When I posted my thoughts on the future of the Chinese economy some while ago, I pointed out what I thought would determine its future direction.  Either there would be sweeping cultural changes that allowed an extension of the division of labor as never before, or the economy would face long-term stagnation.  Either way, in the short term China almost certainly has a dramatic crash in store.  That is unavoidable – but a bleak long-term picture doesn’t have to be.

I must say that I was absolutely delighted to encounter Ms. Yi's essay, which gets straight to the heart of the matter in a way that I never would have expected.  It gives me great hope that thinkers like her are so clearly articulating exactly the kinds of ideas that in my opinion address problems where they must be addressed and would lead to a better future.  C. S. Lewis, that source of seemingly endless wisdom and inspiring quotes, expresses best what I think is the right attitude in his thoughts on putting first things first.  “Aim at heaven and you will get earth thrown in.
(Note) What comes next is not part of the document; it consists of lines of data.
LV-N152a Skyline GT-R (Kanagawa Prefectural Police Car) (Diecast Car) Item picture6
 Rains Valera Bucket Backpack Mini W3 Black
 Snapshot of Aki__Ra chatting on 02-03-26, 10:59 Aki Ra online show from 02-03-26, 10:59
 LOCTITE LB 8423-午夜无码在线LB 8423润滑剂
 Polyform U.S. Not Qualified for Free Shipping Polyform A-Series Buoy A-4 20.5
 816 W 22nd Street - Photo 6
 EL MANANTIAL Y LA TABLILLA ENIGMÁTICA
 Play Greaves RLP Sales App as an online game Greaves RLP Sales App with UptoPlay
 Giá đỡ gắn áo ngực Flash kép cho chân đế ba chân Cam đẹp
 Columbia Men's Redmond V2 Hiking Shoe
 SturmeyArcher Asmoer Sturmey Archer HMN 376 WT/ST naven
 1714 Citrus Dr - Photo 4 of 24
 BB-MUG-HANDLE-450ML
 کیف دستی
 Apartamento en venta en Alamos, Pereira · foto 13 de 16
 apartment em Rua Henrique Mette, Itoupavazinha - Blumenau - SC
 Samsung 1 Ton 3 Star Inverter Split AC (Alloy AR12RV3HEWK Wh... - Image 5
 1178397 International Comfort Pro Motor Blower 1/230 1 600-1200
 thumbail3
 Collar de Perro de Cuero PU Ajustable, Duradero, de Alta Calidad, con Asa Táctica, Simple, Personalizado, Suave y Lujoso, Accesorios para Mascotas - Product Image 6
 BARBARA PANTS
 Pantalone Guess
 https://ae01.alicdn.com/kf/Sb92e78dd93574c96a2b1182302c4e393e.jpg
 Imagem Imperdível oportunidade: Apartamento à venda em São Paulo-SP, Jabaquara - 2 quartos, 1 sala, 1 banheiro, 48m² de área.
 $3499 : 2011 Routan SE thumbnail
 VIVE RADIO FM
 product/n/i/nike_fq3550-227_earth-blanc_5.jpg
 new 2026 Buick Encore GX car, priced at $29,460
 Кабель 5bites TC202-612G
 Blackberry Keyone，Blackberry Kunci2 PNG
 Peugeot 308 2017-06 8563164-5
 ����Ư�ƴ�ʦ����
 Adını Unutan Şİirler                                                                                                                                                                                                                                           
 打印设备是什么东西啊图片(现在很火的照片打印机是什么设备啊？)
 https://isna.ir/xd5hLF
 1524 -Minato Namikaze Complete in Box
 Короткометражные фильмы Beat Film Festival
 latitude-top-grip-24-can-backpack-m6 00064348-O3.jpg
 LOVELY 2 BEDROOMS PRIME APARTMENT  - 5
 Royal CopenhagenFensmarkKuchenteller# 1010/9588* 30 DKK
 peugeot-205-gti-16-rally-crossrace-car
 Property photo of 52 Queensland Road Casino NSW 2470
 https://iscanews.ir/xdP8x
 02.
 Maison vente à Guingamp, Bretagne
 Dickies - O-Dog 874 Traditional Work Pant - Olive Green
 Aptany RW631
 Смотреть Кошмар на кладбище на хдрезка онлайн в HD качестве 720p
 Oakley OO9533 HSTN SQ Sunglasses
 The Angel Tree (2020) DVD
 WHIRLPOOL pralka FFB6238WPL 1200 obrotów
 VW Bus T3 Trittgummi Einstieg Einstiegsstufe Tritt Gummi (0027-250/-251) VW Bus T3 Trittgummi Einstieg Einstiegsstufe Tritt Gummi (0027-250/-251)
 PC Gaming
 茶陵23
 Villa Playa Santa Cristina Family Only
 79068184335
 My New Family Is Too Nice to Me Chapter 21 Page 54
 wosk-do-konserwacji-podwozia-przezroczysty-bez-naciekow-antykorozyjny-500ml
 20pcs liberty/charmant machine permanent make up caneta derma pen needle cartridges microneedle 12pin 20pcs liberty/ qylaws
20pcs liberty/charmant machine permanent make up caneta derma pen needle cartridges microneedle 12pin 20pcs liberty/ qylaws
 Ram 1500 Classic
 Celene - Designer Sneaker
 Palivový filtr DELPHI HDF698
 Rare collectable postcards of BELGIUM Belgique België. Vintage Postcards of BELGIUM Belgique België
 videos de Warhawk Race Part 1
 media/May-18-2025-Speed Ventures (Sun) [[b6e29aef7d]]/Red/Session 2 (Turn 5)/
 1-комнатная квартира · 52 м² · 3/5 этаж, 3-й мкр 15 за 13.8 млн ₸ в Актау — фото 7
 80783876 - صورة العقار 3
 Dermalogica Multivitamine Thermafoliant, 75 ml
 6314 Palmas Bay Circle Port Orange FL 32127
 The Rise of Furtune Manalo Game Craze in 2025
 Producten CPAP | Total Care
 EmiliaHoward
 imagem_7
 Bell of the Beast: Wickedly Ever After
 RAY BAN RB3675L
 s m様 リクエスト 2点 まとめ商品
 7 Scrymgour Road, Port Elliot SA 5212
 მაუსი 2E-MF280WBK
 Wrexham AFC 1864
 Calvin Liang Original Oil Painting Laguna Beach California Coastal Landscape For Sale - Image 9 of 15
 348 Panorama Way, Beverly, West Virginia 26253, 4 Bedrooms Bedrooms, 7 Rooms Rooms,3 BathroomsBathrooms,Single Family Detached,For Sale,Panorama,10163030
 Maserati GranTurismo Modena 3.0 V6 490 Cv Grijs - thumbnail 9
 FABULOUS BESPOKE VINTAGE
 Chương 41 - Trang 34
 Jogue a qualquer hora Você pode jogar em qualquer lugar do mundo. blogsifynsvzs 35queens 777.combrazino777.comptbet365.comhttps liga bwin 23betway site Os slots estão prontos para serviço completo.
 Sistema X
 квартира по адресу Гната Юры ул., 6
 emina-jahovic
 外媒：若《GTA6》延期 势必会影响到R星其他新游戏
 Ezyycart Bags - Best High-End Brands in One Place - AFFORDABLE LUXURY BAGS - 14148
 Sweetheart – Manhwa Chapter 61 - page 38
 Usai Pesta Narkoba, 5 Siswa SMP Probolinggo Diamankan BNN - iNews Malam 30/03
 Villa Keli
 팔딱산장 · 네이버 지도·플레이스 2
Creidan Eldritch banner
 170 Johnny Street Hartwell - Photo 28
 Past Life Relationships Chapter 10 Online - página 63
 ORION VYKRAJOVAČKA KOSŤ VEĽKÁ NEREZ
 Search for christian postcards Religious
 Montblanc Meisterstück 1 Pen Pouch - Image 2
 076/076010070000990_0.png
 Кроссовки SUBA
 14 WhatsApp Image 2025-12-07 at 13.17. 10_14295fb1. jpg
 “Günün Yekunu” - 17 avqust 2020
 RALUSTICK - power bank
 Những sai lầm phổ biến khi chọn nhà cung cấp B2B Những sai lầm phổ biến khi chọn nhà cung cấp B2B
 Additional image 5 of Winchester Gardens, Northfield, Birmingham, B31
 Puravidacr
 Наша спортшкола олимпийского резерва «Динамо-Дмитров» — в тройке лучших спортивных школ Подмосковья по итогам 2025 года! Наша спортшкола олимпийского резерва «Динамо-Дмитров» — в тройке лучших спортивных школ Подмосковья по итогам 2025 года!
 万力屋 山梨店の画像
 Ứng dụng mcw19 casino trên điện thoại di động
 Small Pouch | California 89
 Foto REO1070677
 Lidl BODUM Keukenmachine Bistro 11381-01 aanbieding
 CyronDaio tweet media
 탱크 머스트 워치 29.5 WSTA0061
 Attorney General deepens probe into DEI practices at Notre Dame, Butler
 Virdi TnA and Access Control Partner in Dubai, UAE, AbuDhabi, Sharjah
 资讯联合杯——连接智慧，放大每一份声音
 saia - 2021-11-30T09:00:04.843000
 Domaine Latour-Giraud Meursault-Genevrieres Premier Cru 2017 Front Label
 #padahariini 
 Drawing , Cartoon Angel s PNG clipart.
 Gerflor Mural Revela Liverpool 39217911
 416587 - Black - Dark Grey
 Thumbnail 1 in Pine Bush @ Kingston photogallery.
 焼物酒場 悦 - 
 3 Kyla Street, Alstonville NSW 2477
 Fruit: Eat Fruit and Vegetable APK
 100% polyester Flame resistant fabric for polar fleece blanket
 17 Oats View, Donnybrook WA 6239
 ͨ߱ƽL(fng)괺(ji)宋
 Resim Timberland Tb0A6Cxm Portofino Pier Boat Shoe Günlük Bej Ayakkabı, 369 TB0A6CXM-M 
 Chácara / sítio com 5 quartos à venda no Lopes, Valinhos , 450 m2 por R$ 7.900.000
Aim at earth and you get neither,” he says.  “When first things are put first, second things are not suppressed but increased.”

One of the most amazing things about our universe is how often doing the right thing leads not only to good outcomes, but also creates all sorts of other benefits, “second things,” one never would have expected.  Yet pursuing those second things directly often leads to ruin, again in ways that would not have occurred to the most brilliant mind.  The complexity problem pretty well ensures that we will never know just exactly how everything works, but if a person simply puts first things first, odds are good that he will wind up living a decent life.  Maybe not the one he expected, or even one that he would have imagined, but better than he could have ever gotten by his own wits alone.

I hope to see more essayists like Ms. Yi setting things right.